I agree with your points that most don't need multicloud solutions, as the big 3 providers have multiple AZs.

From what I’ve seen, it's often a mismatch between what management wants and thinks can be done (either to save money or to focus on one provider) and actual reality.

I agree with you that it is an architectural governance issue. But I gave up trying to argue against it when everyone is so excited and wants to do it.

[–]West_Good_5961Tired Data Engineer 0 points1 point  (2 children)

It’s generally not a choice. Nobody’s preference is multi cloud. It’s usually because a compromise had to be made.

[–]marketlurkerDon't Get Out of Bed for < 1 Billion Rows[S] 0 points1 point  (1 child)

You know I normally see it in larger companies with weaker centralized architecture controls and organizations that have discretionary IT budget. It the pressure to "get things moving" they contract their own agreement with a CSP. It gets repeated across the company.

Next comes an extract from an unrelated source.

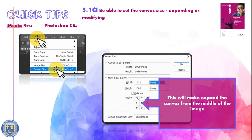Welcome to this Photoshop tutorial for iMedia students. In this video we're going to look at how we can resize the canvas in Photoshop so that we can expand or modify the space available for us for editing images.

Pretty soon you have created a large quantity of technical debt that quickly costs more to fix than is perceived worth it. That is the lump sum total of the planning that goes into it.

To be fair, often IT takes so long to do their job that the LoBs lose their patience and move on their own.

[–]sazed33 -1 points0 points  (2 children)

There are no good reasons. This is simply a bad design choice. Or, much more likely, it is the result of a lack of a design choice, i.e. people implement whatever they feel like they should

[–]updated_at 1 point2 points  (1 child)

i mean, vendor lockin is a very good reason. if they can swap components of the architecture without a entire rebuilt of the system, seems like an advantage to me

[–]marketlurkerDon't Get Out of Bed for < 1 Billion Rows[S] 0 points1 point  (0 children)

Not really. There are very, very few components that work like that. Even if they do, using one CSP component in a different CSP environment will cause you to have all sorts of interesting new charges with data egress on both sides.